Print the listing from its top line through the line containing "2-Zimmer-Ferienwohnung mit Terrasse", nothing more, and leave out the pictures.

**Records for processing**.
##########

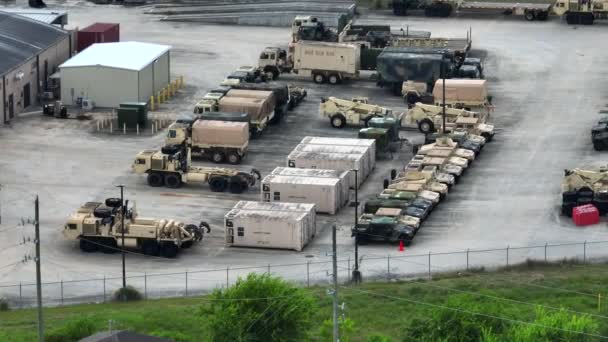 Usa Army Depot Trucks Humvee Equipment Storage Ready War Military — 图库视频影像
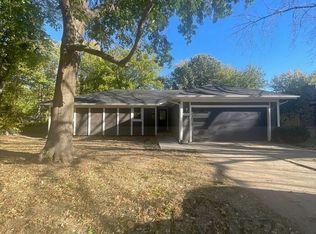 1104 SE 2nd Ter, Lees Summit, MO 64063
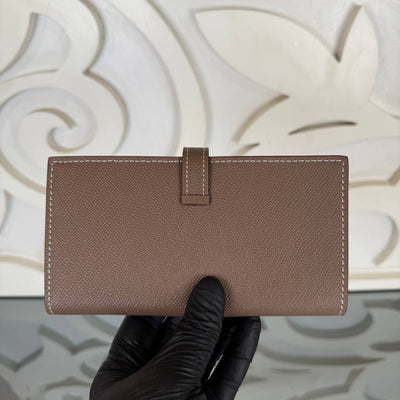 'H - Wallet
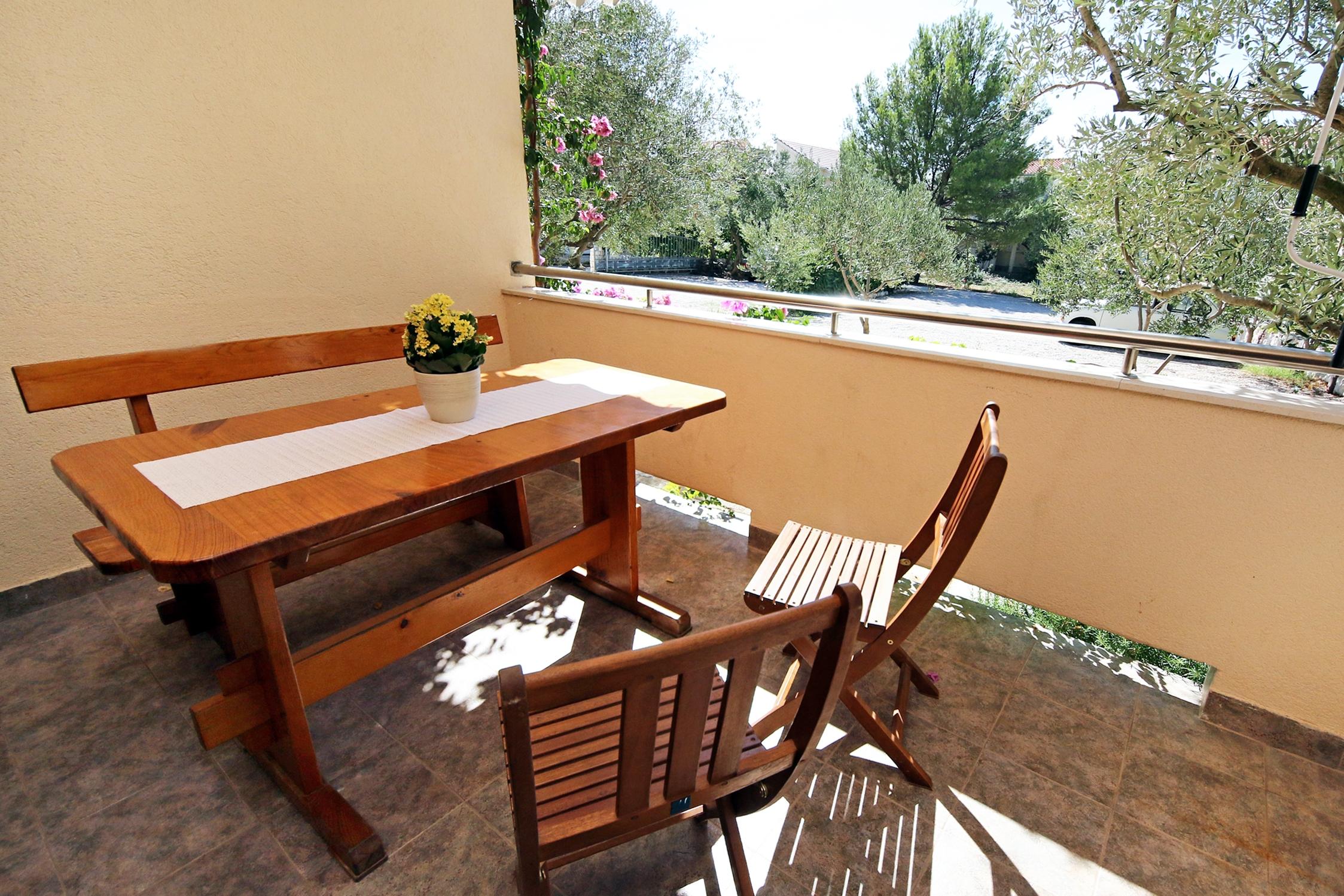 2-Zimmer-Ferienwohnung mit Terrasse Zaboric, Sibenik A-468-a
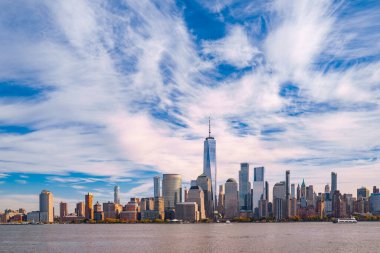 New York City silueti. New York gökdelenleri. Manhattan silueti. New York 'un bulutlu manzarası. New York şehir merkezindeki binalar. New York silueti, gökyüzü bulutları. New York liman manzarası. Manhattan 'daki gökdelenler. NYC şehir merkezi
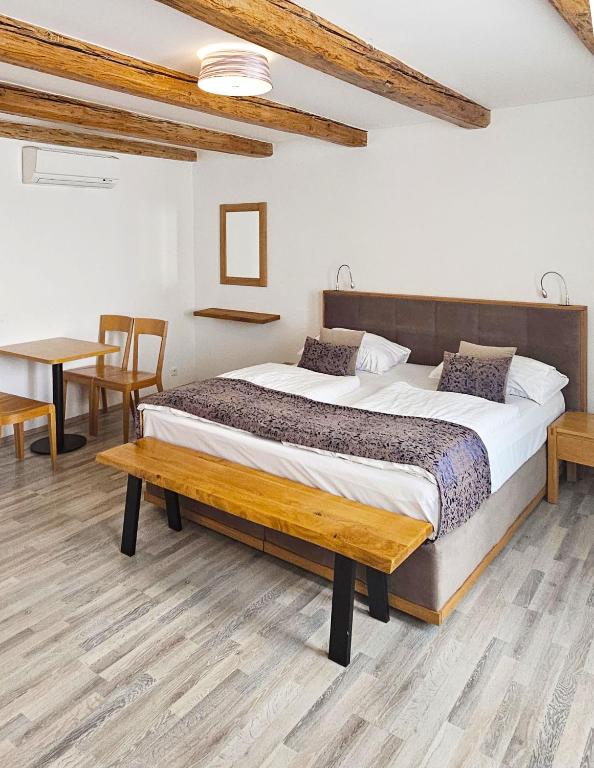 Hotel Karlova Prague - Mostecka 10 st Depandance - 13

##########

**Final answer**.
 Usa Army Depot Trucks Humvee Equipment Storage Ready War Military — 图库视频影像
 1104 SE 2nd Ter, Lees Summit, MO 64063
 'H - Wallet
 2-Zimmer-Ferienwohnung mit Terrasse Zaboric, Sibenik A-468-a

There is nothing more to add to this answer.